Natalia habla mientras enseña la fachada. Una de las ventanas de arriba está combada por el calor. Afortunadamente, el fuego no cruzó el umbral. Ahora su patio está entre cenizas. No puede tocar nada hasta que llegue el perito. «Nos han dicho que tardará dos días. Estoy aquí esperando. No puedo mover ni una maceta».
Una de las vecinas habla con los bomberos en Calypo.
«Esto ya pasó hace 30 años», recuerda Margarita. «Entonces nos pusimos todos los vecinos en fila, con cubos de agua, y conseguimos que el fuego no llegara a las casas. Pero esta vez ha sido mucho peor».
Lo dice con los ojos aún llenos de humo y rabia, mientras lanza una petición clara a las administraciones: «Calypo Fado siempre ha estado abandonado, tanto por una comunidad como por la otra. Esto se podría haber prevenido. Tienen que hacer cortafuegos, cada primavera. Que Castilla-La Mancha y Madrid se pongan de acuerdo. Da igual el color político. Lo importante es que no vuelva a pasar».
«Mis animales son sagrados»
Y no sólo fueron Margarita y Carolina. Cientos de vecinos vivieron el incendio como un combate cuerpo a cuerpo. Una de ellas fue Lola, cuya casa resiste -milagrosamente intacta- en medio de un paisaje negro y calcinado. Una especie de isla de ladrillo rodeada por hectáreas arrasadas. Tuvo que sacar a su madre de 86 años, con un par de vértebras rotas, mientras el humo le cortaba la respiración y las llamas alcanzaban los seis metros. «No veía nada. Corrí cuesta abajo, sin aliento, y cuando llegué al coche no tenía la llave. Me estaba asfixiando», recuerda.
Natalia, vecina, en su casa afectada por el incendio forestal.
Antes de huir, soltó a todos los animales. Gallinas, gatos, incluso conejos corrían desorientados entre la maleza. Algunos se refugiaron en la depuradora. «Mis animales son sagrados. La casa que se queme si hace falta, pero a ellos no los dejo». Después, volvió a pie, esquivando los coches de los vecinos que huían, para seguir mojando el terreno. Lo tenía claro: había que proteger lo que quedaba.
Días antes del incendio, ya había tomado precauciones por su cuenta. «Metí la retroexcavadora y limpié la parte de atrás del terreno. Tenía el presentimiento de que esto podía pasar», cuenta. Gracias a esa previsión, su casa aguantó mejor que muchas otras.
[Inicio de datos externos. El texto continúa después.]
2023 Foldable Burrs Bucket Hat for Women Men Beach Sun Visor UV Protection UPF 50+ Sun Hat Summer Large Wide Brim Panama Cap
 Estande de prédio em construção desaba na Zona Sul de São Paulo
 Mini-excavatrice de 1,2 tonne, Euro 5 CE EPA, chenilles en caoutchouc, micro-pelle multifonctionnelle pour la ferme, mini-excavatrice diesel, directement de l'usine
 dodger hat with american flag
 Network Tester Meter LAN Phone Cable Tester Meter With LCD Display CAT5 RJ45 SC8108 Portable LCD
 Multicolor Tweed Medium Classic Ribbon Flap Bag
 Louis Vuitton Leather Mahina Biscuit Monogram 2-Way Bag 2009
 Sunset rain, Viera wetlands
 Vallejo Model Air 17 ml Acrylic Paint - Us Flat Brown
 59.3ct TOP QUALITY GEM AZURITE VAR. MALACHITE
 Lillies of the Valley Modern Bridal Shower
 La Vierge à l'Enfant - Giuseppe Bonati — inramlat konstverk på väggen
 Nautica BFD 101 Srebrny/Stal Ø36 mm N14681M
Dolores, su madre, no ha podido dormir desde entonces. «Estaba viendo la tele y, de pronto, se fue la luz. Abrí la puerta y solo oía helicópteros. No me enteré de nada hasta que me sacaron entre gritos y humo». En su rostro se mezcla el cansancio con el miedo. «Las llamas nos tocaban el techo del coche. Salimos entre fuego por los dos lados de la carretera. Esto ha sido un infierno. No hay palabras», cuenta entre lágrimas.